A synopsis of the outgoing speech by CEMA President Ben Viccari at the annual awards gala of the Canadian Ethnic Media Association on June 27, 2008. The day was also Multiculturalism Day in Canada and CEMA’s 30th birthday. Ben, a long-time journalist, commentator and communications specialist, who turns 90 on July 2, 2008, a.k.a. Senor Multiculturalism, is well-known as one of the most fervent backers of Canada showing the world how different cultures can live harmoniously. He recently produced a documentary on the subject called The ‘M’ Word.
It gives me enormous pride and pleasure to introduce our 30th Anniversary Gala on Multiculturalism Day 2008.
I must first inform you of a last minute change in our program. The Honourable Jason Kenney, Minister of State for Multiculturalism, who was to have brought greetings from Prime Minister Harper, cannot be with us until later this evening.
We wish to welcome Ontario Minister of Citizenshiup and Immigration Michael Chan, federal memnber of Parliament for Willowdale, Ms. Martha Hall Findlay and Mr. John Tory, leader of the Progressive Conservative Party of Ontario. Other distinguished guests include our presenters and of course, our award winners who will be more suitably introduced later. I thank you for this final opportunity to address you as president.
There are literally hundreds of people to thank for this special CEMA event: Rogers for the use of these great premises, Rogers OMNI Television for taping this whole presentation so it can be seen by hundreds of thousands of others: and so on. First showings are : OMNI 1 Sunday July 20th from 9–11 p.m and OMNI 2 Friday July 25 from 10 p.m. to midnight.
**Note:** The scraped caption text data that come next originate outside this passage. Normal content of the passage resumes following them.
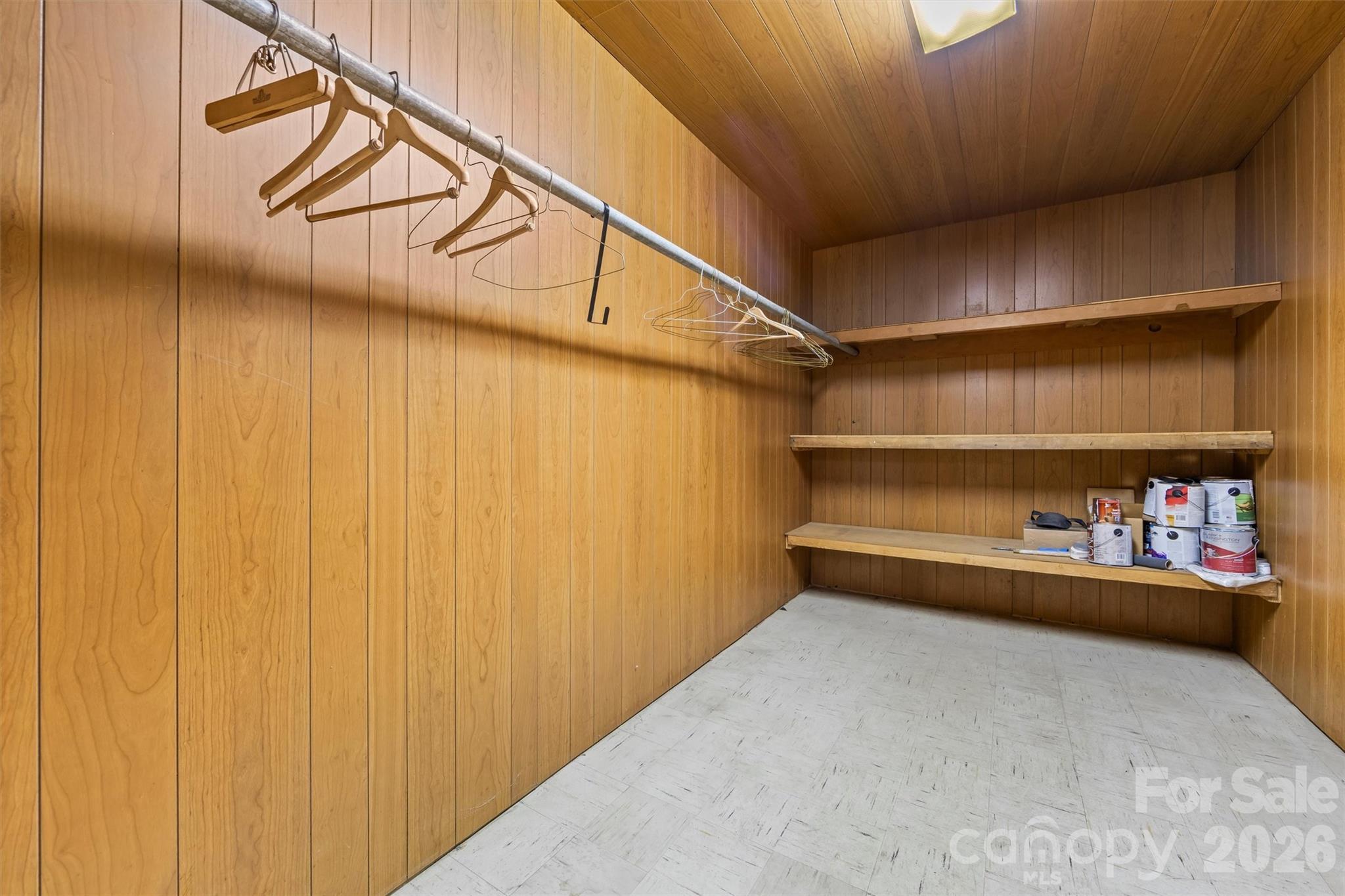 Storage - 21 Hamburg Drive, Weaverville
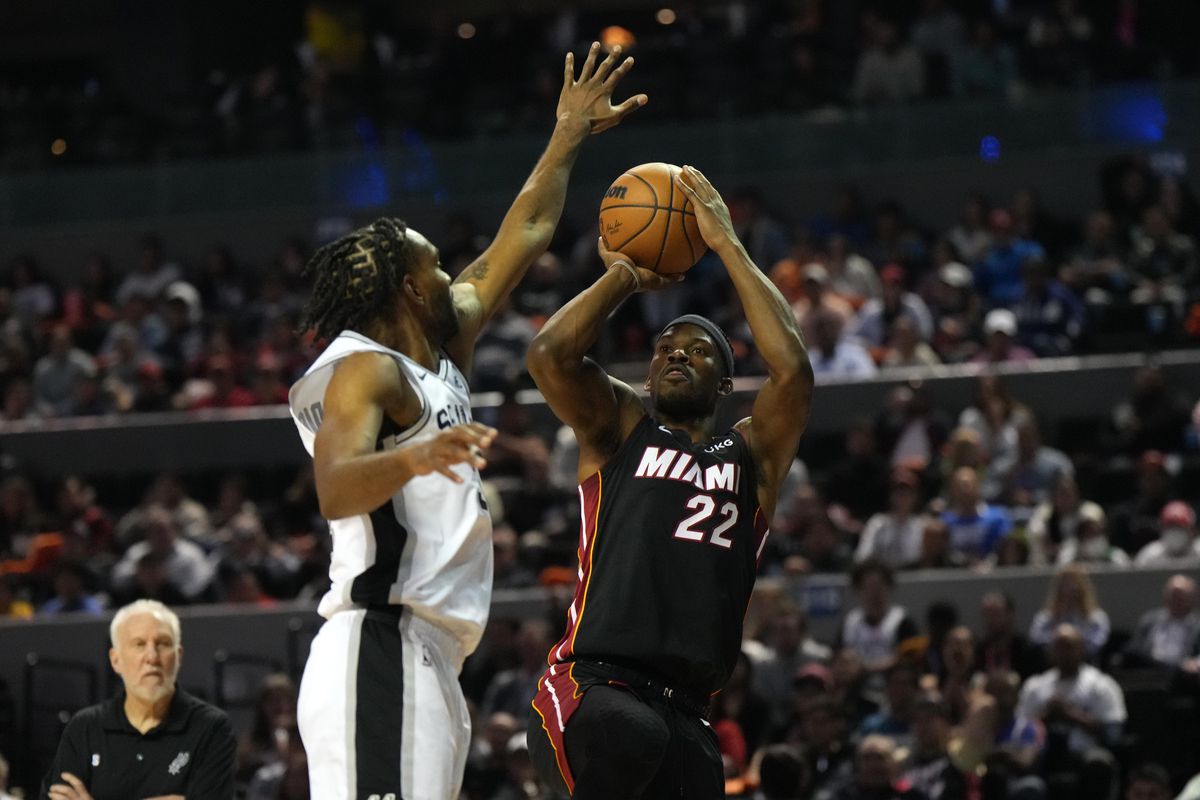 NBA: Mexico City Game 2022-Miami Heat at San Antonio Spurs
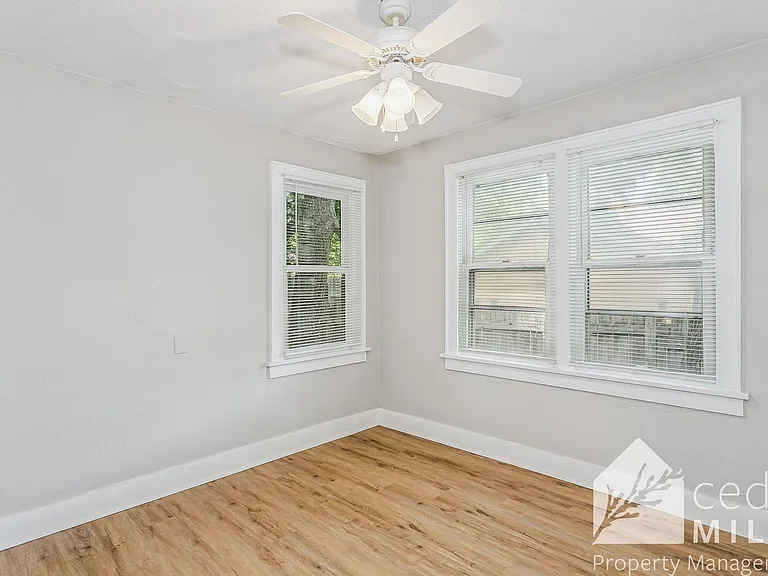 2902 E Lincoln St — Photo 9
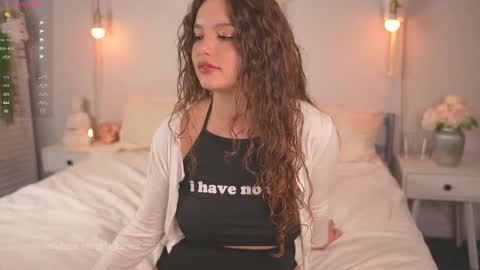 Snapshot of victoria_karma chatting on September 2025 02:21:01 PM online show from September 2025 02:21:01 PM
In the interest of time, I must confine further thanks to but one person: the father of us all: editor/publisher Sierhey Khmara Ziniak whose courage led to the founding of this inclusive organization. Knowing the penalties for his views and the right to publish he had suffered imprisonment before coming to Canada. Small wonder he grew impatient about the existing ethnic media association which included only publishers of print media.
Hence CEMA and we thank him for the ability to arrive at this celebration 30 years later. We are pleased too, that following his principles of independence we have reached this point without financial assistance from government at any level.
We of the ethnic media have a big task ahead of us — and I’ll tell you why. In his most recent book Queens University Professor Will Kymlicka, considered a guru of multiculturalism, writes of the possibility of its being accepted on a global basis. He admits the course is daunting especially since conflict exists in so many countries where there are but one or two bitterly opposed ethnic groups. But Kymlicka insists that we must, in the final analysis, all recognize ethnic relationships as a matter of recognizing human rights.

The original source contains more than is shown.